Copyright ©The Author(s) 2018. Published by Baishideng Publishing Group Inc. All rights reserved.
World J Hepatol. Jan 27, 2018; 10(1): 1-7
Published online Jan 27, 2018. doi: 10.4254/wjh.v10.i1.1
Role of inflammatory response in liver diseases: Therapeutic strategies
José A Del Campo, Paloma Gallego, Lourdes Grande
José A Del Campo, Paloma Gallego, Lourdes Grande, Department of Digestive Diseases, Valme University Hospital and CIBERehd, Sevilla 41014, Spain
Author contributions: Del Campo JA designed the study and drafted the manuscript; Gallego P and Grande L drafted the manuscript and designed the figure.
Supported by Andalusian Government, No. PI0892-2012; Instituto de Salud Carlos III, PI14/01349 co-financed by the European Regional Development Fund (ERDF); JA Del Campo supported by Nicolás Monardes Program from Servicio Andaluz de Salud (SAS).
Conflict-of-interest statement: Authors declare no conflicts of interest.
Open-Access: This article is an open-access article which was selected by an in-house editor and fully peer-reviewed by external reviewers. It is distributed in accordance with the Creative Commons Attribution Non Commercial (CC BY-NC 4.0) license, which permits others to distribute, remix, adapt, build upon this work non-commercially, and license their derivative works on different terms, provided the original work is properly cited and the use is non-commercial. See:
Correspondence to: José A Del Campo, PhD, Department of Digestive Diseases, Valme University Hospital and CIBERehd, Avda.
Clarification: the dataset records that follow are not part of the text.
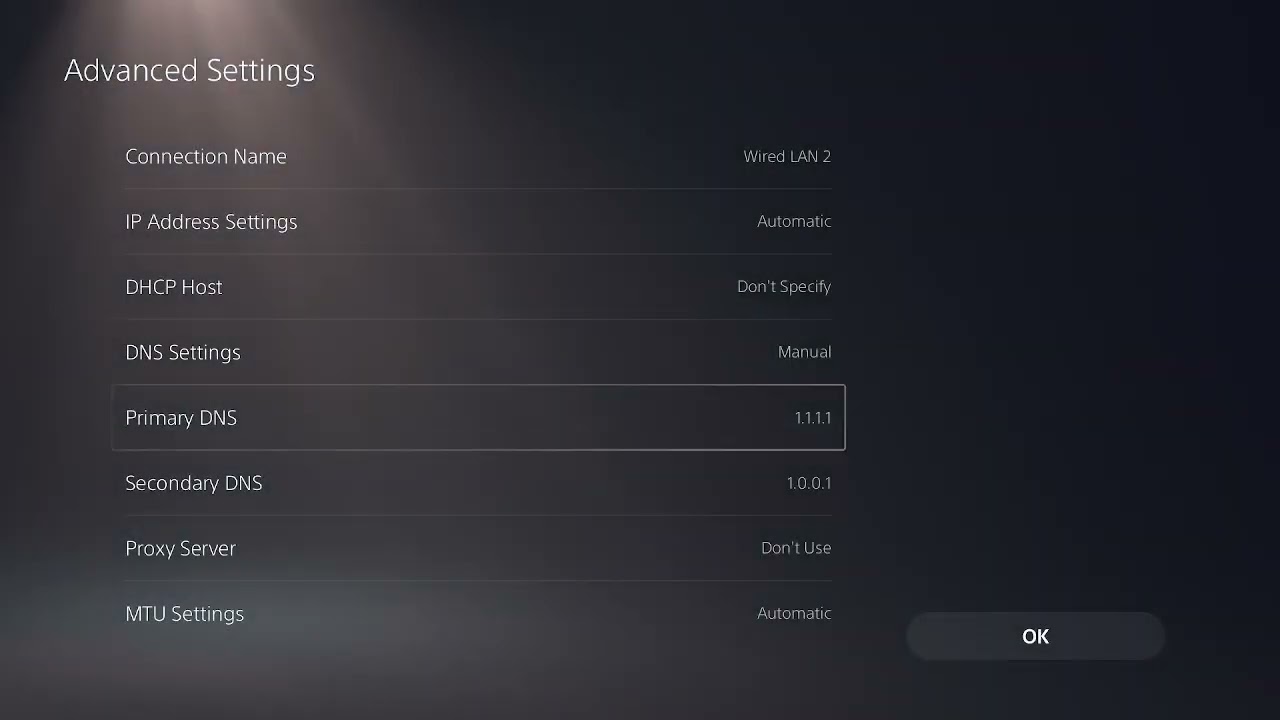 Where Winds Meet lag troubleshooting on PS5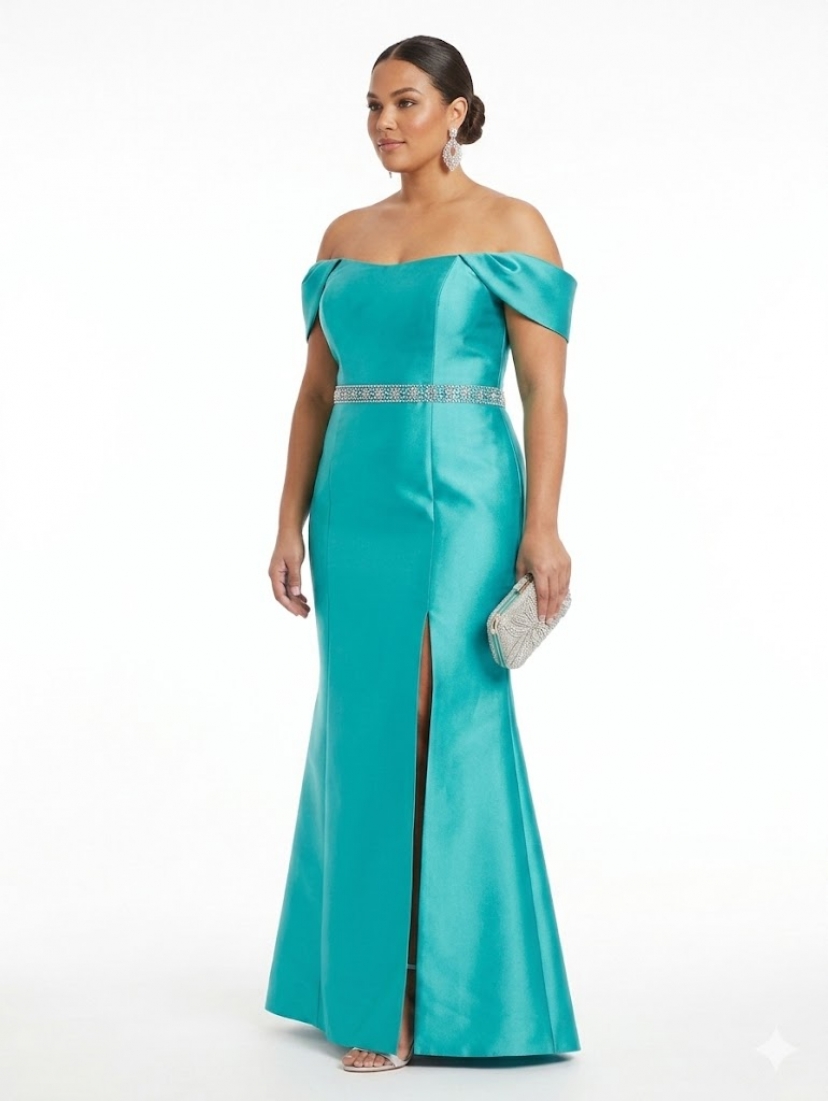 vestido-119689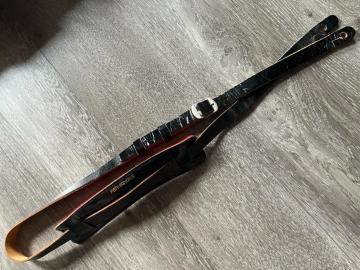 Fernandes tFifX M^[ Xgbv z HOTEI BOOWY p 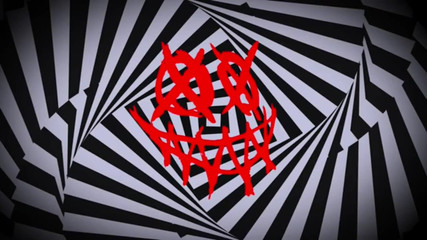 Hpn0 - the Puzzle That Solves You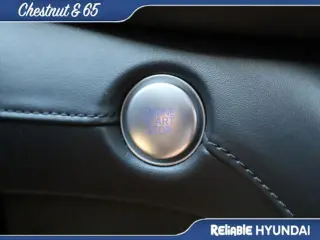 Hyundai SANTA FE 2023 AWD Limited 4dr Crossover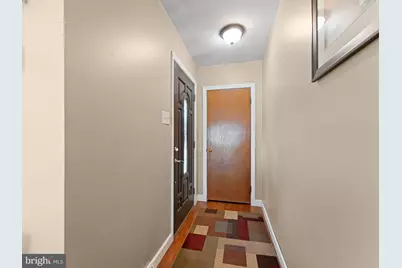 13 Malibu Drive, Magnolia, NJ 08049 - Photo 3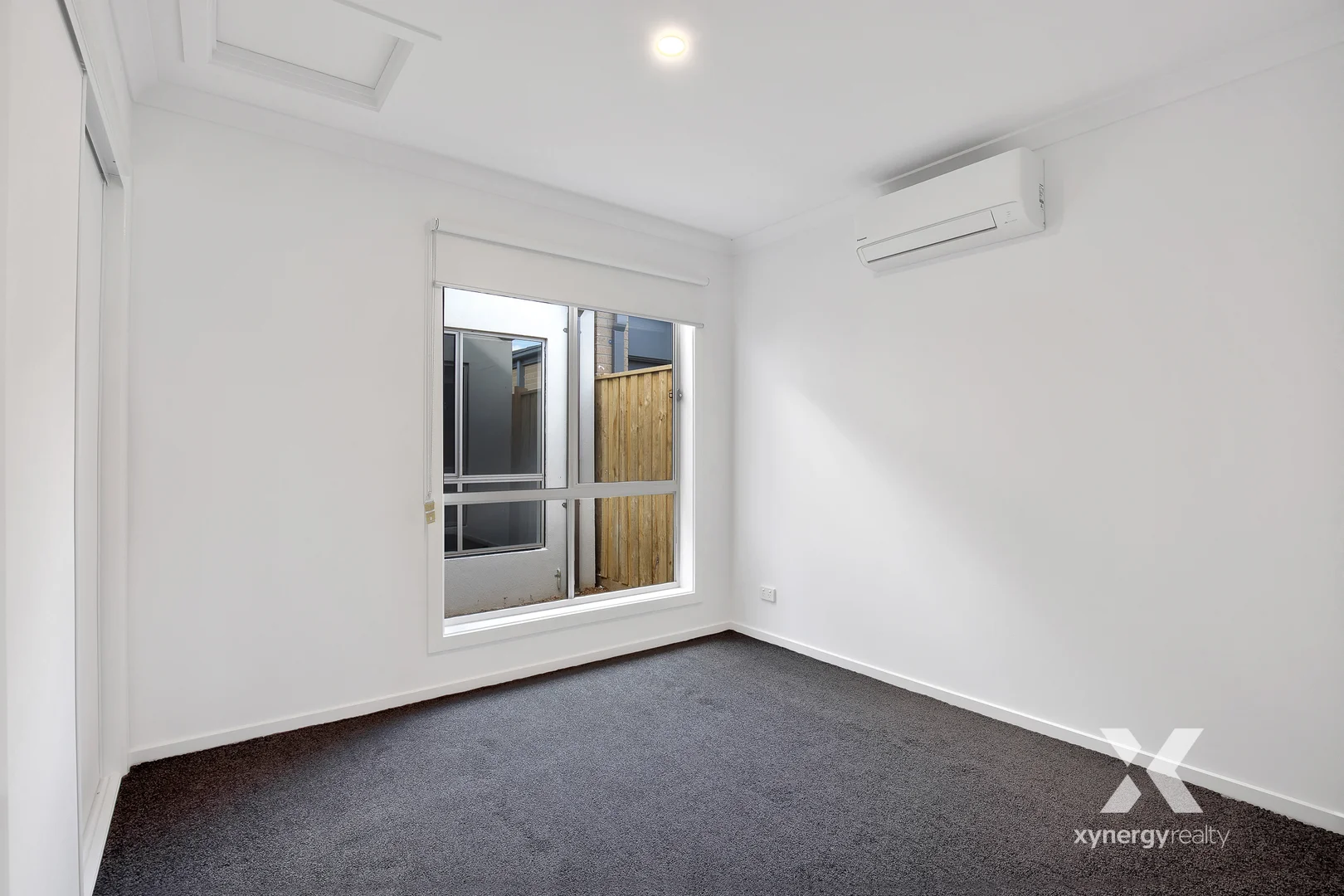 Additional image 4 of 20 Greenmont Road, Wyndham Vale VIC 3024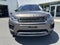 2018 Land Rover Range Rover Evoque 5 Door HSE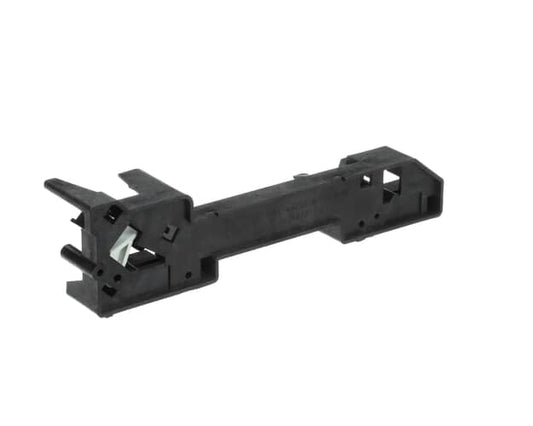 Blomberg Part# 9178009117 Lever Switch Board Latch - Genuine OEM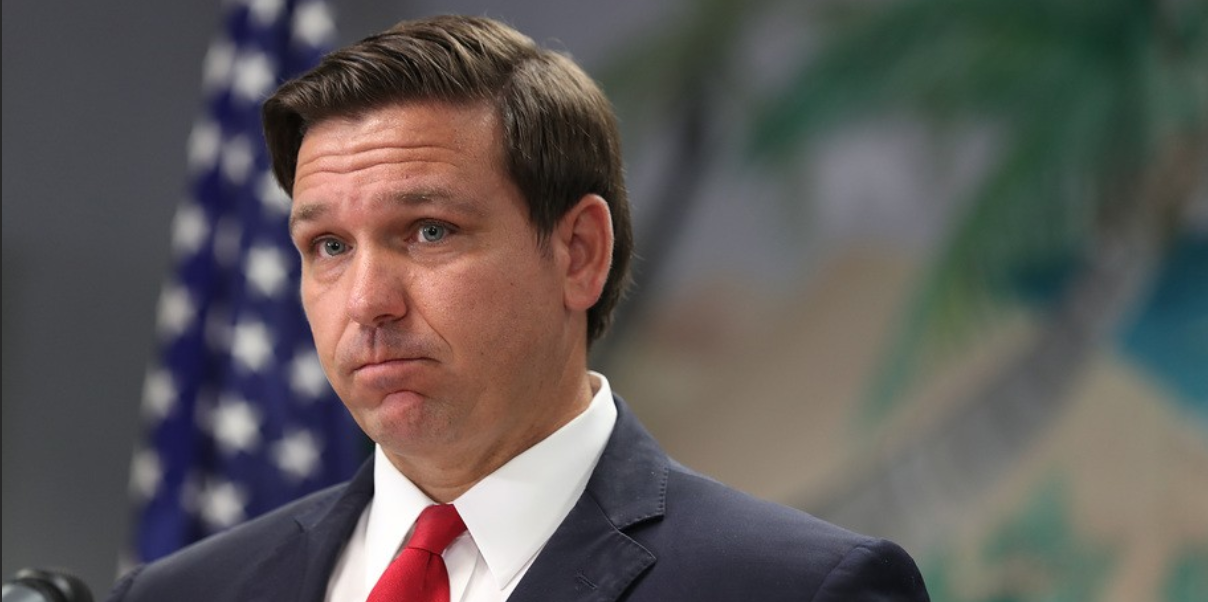 Ron-DeSantis-072221_0.png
Bellavista s/n, Sevilla 41014, Spain.
Telephone: +34-955-015485 Fax: +34-955-015485
Received: November 8, 2017
Peer-review started: November 9, 2017
First decision: December 4, 2017
Revised: December 21, 2017
Accepted: January 15, 2018
Article in press: January 15, 2018
Published online: January 27, 2018

Inflammation and tumorigenesis are tightly linked pathways impacting cancer development. Inflammasomes are key signalling platforms that detect pathogenic microorganisms, including hepatitis C virus (HCV) infection, and sterile stressors (oxidative stress, insulin resistance, lipotoxicity) able to activate pro-inflammatory cytokines interleukin-1β and IL-18. Most of the inflammasome complexes that have been described to date contain a NOD-like receptor sensor molecule. Redox state and autophagy can regulate inflammasome complex and, depending on the conditions, can be either pro- or anti-apoptotic. Acute and chronic liver diseases are cytokine-driven diseases as several proinflammatory cytokines (IL-1α, IL-1β, tumor necrosis factor-alpha, and IL-6) are critically involved in inflammation, steatosis, fibrosis, and cancer development. NLRP3 inflammasome gain of function aggravates liver disease, resulting in severe liver fibrosis and highlighting this pathway in the pathogenesis of non-alcoholic fatty liver disease. On the other hand, HCV infection is the primary catalyst for progressive liver disease and development of liver cancer. It is well established that HCV-induced IL-1β production by hepatic macrophages plays a critical and central process that promotes liver inflammation and disease. In this review, we aim to clarify the role of the inflammasome in the aggravation of liver disease, and how selective blockade of this main pathway may be a useful strategy to delay fibrosis progression in liver diseases.

Keywords: Caspase-1, Fibrosis, Hepatitis C virus, Inflammasome, Interleukin-1α, Interleukin-1β, Liver disease, Non-alcoholic fatty liver disease, NLRP3, Tumor necrosis factor-alpha

Core tip: Inflammasomes are newly recognized vital players in innate immunity. Several factors have been identified able to activate the NLRP3 inflammasome. Inappropriate activation of NLRP3 can contribute to the onset and progression of various diseases, particularly age-related diseases. It is well established that hepatitis C virus infection plays a critical role in the promotion of liver inflammation and disease, inducing the production of IL-1β and the activation of NLRP3. NLRP3 inflammasome gain of function aggravates liver disease, resulting in severe liver fibrosis and lately, hepatocellular carcinoma. In non-alcoholic fatty liver disease, the regulation of inflammation processes may prevent the progression of non-alcoholic steatohepatitis to fibrosis.